O pesquisador lembra que, quando começou a pandemia, os técnicos avisaram para que não se fizesse hospital de campanha, pois era algo sem sentido. “Os governos investiram, acho que para ter visibilidade e tentar votos futuros. O pico da doença na cidade foi em maio, mas até hoje ainda se tem hospital em construção. Não há legado nenhum para a população, com equipamentos temporários, além de ser um rombo no orçamento público”, conclui. 

Durante a coletiva de imprensa na SES, o secretário de saúde afirmou que após a desmobilização dos hospitais de campanha, os equipamentos comprados pelo estado serão distribuídos para a rede estadual e municipal de saúde.

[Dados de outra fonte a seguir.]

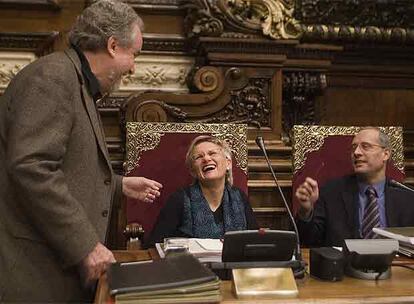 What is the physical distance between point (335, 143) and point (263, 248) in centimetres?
173

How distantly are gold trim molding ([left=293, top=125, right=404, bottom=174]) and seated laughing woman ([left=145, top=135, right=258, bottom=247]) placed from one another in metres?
0.52

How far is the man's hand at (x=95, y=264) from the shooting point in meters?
1.42

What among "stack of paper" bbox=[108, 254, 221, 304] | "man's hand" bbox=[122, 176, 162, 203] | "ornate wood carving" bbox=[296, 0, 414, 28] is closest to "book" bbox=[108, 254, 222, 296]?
"stack of paper" bbox=[108, 254, 221, 304]

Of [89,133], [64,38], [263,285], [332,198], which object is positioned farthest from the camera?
[64,38]

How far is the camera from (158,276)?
46.1 inches

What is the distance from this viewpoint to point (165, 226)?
2262 millimetres

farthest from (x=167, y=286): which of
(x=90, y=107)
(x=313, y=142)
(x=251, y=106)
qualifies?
(x=251, y=106)

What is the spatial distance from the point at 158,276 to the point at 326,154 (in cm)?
191

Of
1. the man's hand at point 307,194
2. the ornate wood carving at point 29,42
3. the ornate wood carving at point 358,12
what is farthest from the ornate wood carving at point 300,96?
the ornate wood carving at point 29,42

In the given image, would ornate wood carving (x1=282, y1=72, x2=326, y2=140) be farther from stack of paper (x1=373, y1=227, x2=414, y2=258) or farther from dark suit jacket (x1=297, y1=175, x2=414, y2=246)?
stack of paper (x1=373, y1=227, x2=414, y2=258)

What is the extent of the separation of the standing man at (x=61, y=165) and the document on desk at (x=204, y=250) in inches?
9.3

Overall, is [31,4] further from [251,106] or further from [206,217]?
[206,217]

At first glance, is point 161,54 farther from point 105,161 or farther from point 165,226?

Um bom exemplo de administraçãoInaugurado em 19 de maio, o Centro Hospitalar para a Pandemia de COVID-19 – Instituto Nacional de Infectologia Evandro Chagas (INI/Fiocruz), funciona no campus do Instituto Oswaldo Cruz, com 195 leitos. Construído em regime emergencial para unir esforços no fortalecimento da rede de Saúde, o hospital possui características específicas que o diferem das unidades de campanha que estão sendo erguidas pelo País e que terão funcionamento temporário. O hospital vai permanecer como um legado para o Sistema Único de Saúde, pós-pandemia.